Auch Robert zuckt mit den Schultern. Er wohne nicht mehr in der Unterkunft in der City Nord. Er sei jetzt von den Behörden in einem Hotel am Berliner Tor untergebracht worden. Petro und Laslo wohnen mittlerweile in einem anderen Hotel in St. Georg. Wie das Hotel heißt? Wieder Kopfschütteln. Den Namen wissen sie nicht. Auf Nachfrage erklärt die Behörde, dass es üblich sei, dass Bewohner der Interimsunterkunft in der City Nord auf andere Standorte verteilt werden. Petro holt sein Handy raus, zeigt ein Foto von einem Hotel. In einem kleinen Zimmer lebe er hier mit seiner Frau, dazu erhalte jeder 405 Euro von den Behörden.
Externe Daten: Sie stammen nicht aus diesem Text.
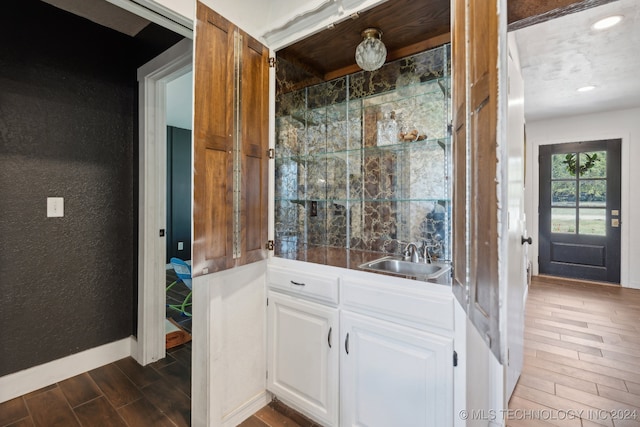 bathroom featuring hardwood / wood-style flooring and vanity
Im europäischen Vergleich bekommen Asylbewerber in Deutschland meist mehr

Zum Vergleich: Asylbewerber in Frankreich erhalten für die Dauer des Asylverfahrens eine Finanzhilfe von 210,80 Euro pro Monat pro Einzelperson, eine vierköpfige Familie erhält 527 Euro. In Österreich gibt es drei Mahlzeiten am Tag sowie 40 Euro Taschengeld pro Monat. Und in Spanien erhalten erwachsene Asylbewerber, die während der ersten sechsmonatigen Phase in Gemeinschaftsunterkünften mit Verpflegung untergebracht sind, ein Taschengeld von 51,60 Euro pro Monat.

Sie seien Deutschland dankbar, sagt Petro. Nicht wegen des Geldes, sondern wegen der Freiheit. Hier dürfe jeder sagen, was er denke, sagt er. Hier darf er eben auch sagen, dass er sich wie in einem Gefängnis fühlt – ohne, dass er danach tatsächlich ins Gefängnis kommt. Doch gleichzeitig ärgere es ihn auch, dass zu viele denken, dass immer die Roma an allem Schuld hätten.
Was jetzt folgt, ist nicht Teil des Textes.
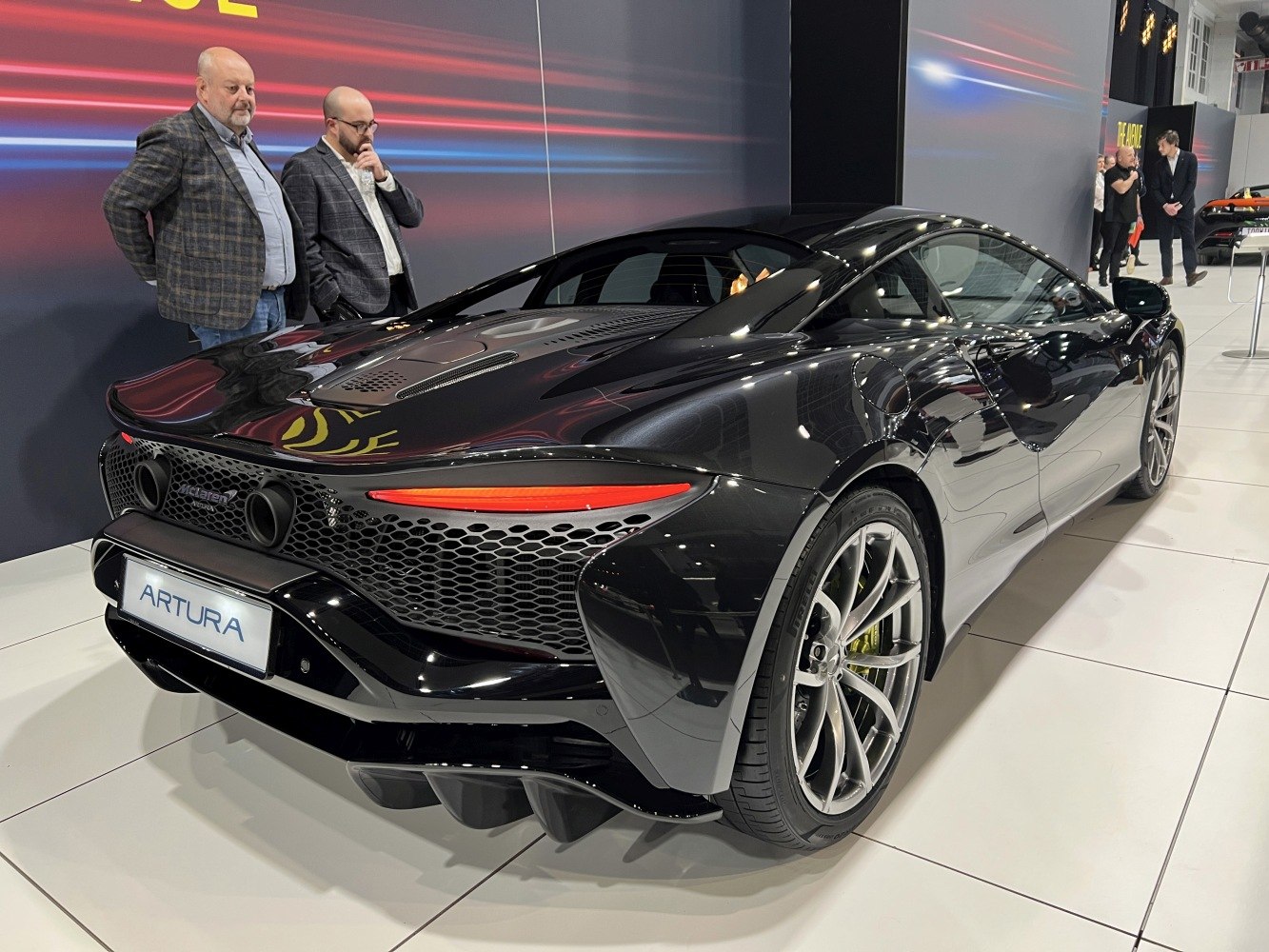 Sleek black rear view with dual exhausts and honeycomb grille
Roma-Flüchtlinge wehren sich gegen Vorwürfe von Anwohnern

Wie zum Beispiel die Anwohner der Flüchtlingsunterkunft aus dem Artikel? Genau, sagt Robert. Und bevor er mehr sagen kann, schimpft auch Übersetzerin Zumreta Sejdovic. All die Vorwürfe seinen falsch, sagt sie. Welche Vorwürfe genau sie meint, sagt sie nicht.

Je länger das Gespräch in dem Café dauert, desto weniger hat man die Hoffnung auf eine schnelle Lösung des Ganzen. Ein Behördensprecher sagt zwar, dass sich die Situation rund um die Großunterkunft in den vergangenen Wochen verbessert habe. Aber zwischen „Alle Vorwürfe und die Berichte darüber sind falsch“ (von den Beschuldigten) und „Die Roma sind schuld“ (von den Anklägern) gibt es auch nur wenig Raum für Grautöne. Es gibt nur Schwarz oder Weiß.
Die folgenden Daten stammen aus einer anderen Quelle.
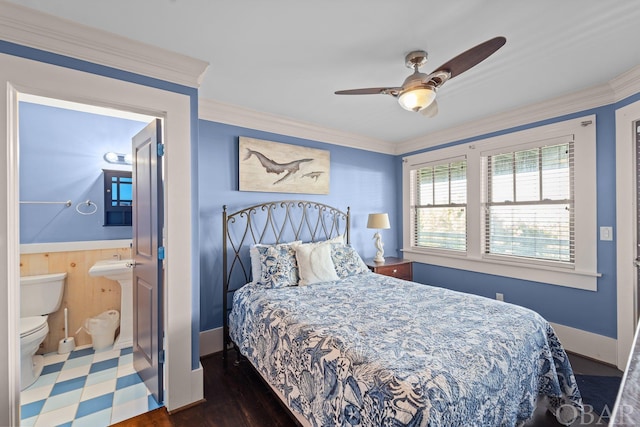 bedroom with ornamental molding, a ceiling fan, a sink, connected bathroom, and baseboards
Ziemlich schwarz ist auch der Himmel, als man sich nach dem etwas mehr als einstündigen Gespräch in dem Café verabschiedet. Alle drei Roma geben die Hand, wünschen höflich eine gute Heimfahrt. Petro lächelt auch wieder. Er sagt (oder lässt sagen), dass genau das sein größter und auch einziger Wunsch sei: ein eigenes Heim.